Avec courage, l’auteur a donc revisité les archives, rencontré des protagonistes, des anciens d’Algérie, et des amis algériens vivant en Algérie ou à l’étranger. Même après une période aussi longue, il a conservé l’amitié de ces gens qui ont tenu, chacun à sa manière à contribuer à la réalisation de cet ouvrage, notamment en y apportant des témoignages vivants et précieux. C’est ainsi qu’un certain Toufik G. déclare dans un courrier reçu par l’auteur ceci : « Ce livre doit absolument être disponible en Algérie. Il faut que nos jeunes puissent le lire. ». Autre témoignage encore plus surprenant, puisqu’il vient du Général Faivre : « l’auteur décrit une réalité complexe, plus riche qu’on ne l’imagine, où deux communautés différentes se côtoient et s’acceptent. » Jean-Marcel L. déclare à son tour « …Votre livre touche un point essentiel, jamais abordé, à ma connaissance. Il jette les bases de la réconciliation. Quand entre Français et surtout Pieds-Noirs et Algériens on ne se jettera plus la guerre d'indépendance et la conquête à la figure avec leurs cortèges d'horreurs bilatérales et qu'on parlera d'autres choses, et pourquoi pas du bon temps des colonies, un pas primordial aura été franchi … ». Les témoignages sont donc nombreux, et ce live a suscité plusieurs réactions encourageantes pour l’avenir des relations entre les communautés de l’ancienne colonie française. Pierre D. a déclaré que "les pieds-noirs vont offrir ce livre à leurs enfants car il jette un regard souriant sur une cohabitation qui a trop été vilipendée". Quant à Mustapha M. universitaire algérien, il affirme à l’auteur que « Votre livre est remarquable, il va circuler en Algérie, soyez en sûr. Les jeunes générations n’arrêtent pas de nous questionner." L’auteur lui-même est optimiste, puisque ses mêmes enfants, qui ne connaissaient pas grand-chose sur la période coloniale, en tout cas un de ses fils a déclaré « enfin tu nous parles de ta vie, de celle des pieds-noirs en Algérie, et tu publies un texte où pour une fois il n’est pas question de guerre, de morts, de conflits… ». Il est vrai que la vie professionnelle du médecin qu’est Roger Vétillard ne lui avait pas permis de se consacrer à l’étude de l’histoire. Ce n’est devenu possible qu’après sa retraite.

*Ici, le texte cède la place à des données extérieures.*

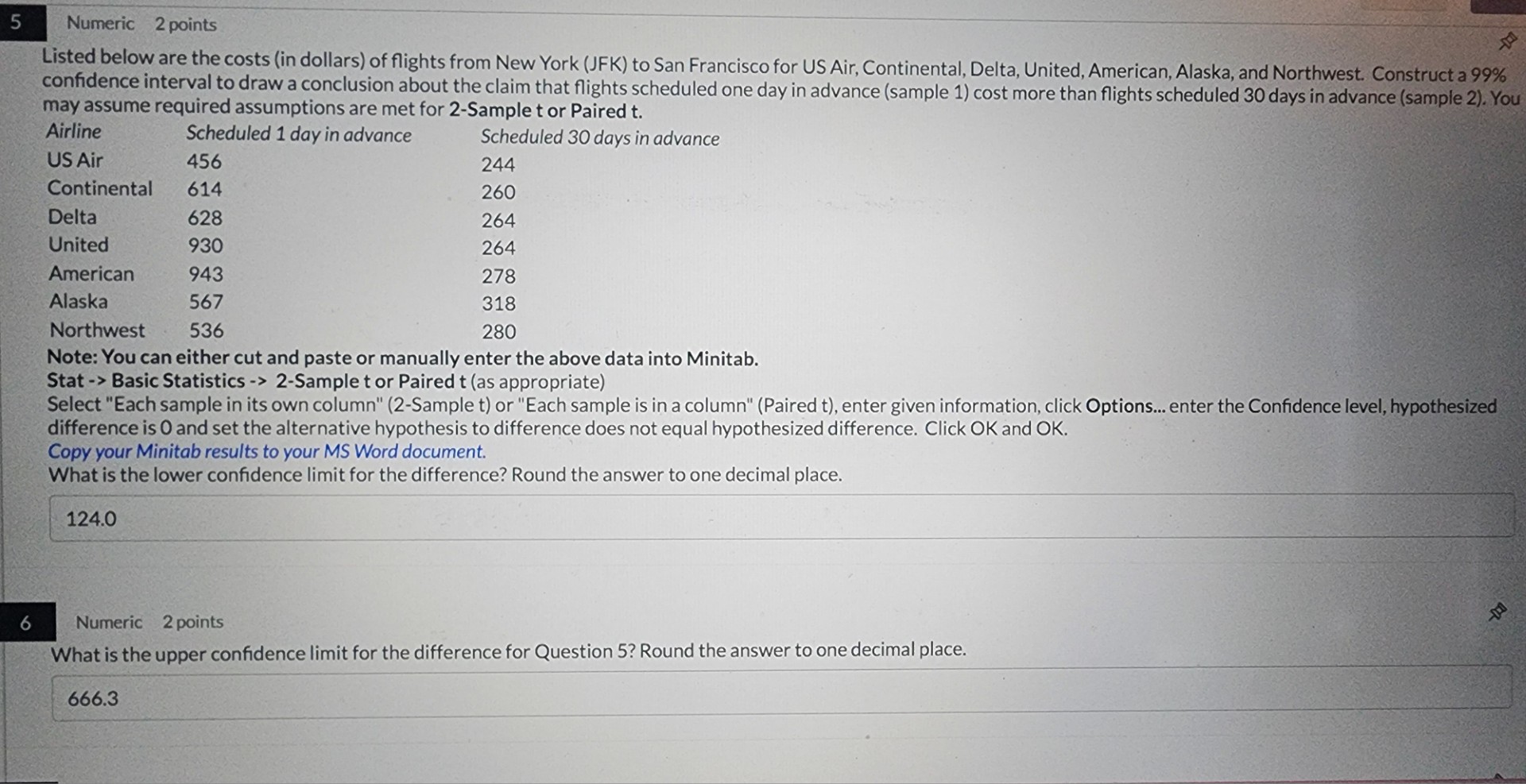  What is the upper confidence limit for the difference for Question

Serait-il temps de tourner la page de la guerre d’Algérie, et de penser à partager avec les nouvelles générations autre chose que la période douloureuse, la violence et les malheurs ? Il y a certainement eu de bons moments partagés par les différentes communautés, et il est plus que temps d’en parler. Les jeunes générations ont besoin de connaître toute la vérité sur cette histoire vécue par leurs grand-parents, et qui fait partie de l’héritage commun entre des populations des deux rives de la Méditerranée. Tourner la page, ce n’est ni oublier ni se renier. La douleur a été intense et indescriptible, puisqu’elle a provoqué des déchirures dans les deux communautés. Il est donc temps de replacer les choses, les événements et les éléments de l’histoire dans leur contexte pour mieux en tirer les leçons. Il y a peut-être encore de l’espoir et suffisamment de sagesse pour que ce qui a été si douloureusement vécu par les communautés serve de leçon à tous les peuples, dans le but de faire en sorte qu’elle ne se reproduise ni en Algérie, ni ailleurs dans le monde. Si laGuerre d’Algérie a eu un écho dans le monde entier, il est temps que la paix en Algérie entre les communautés en fasse de même.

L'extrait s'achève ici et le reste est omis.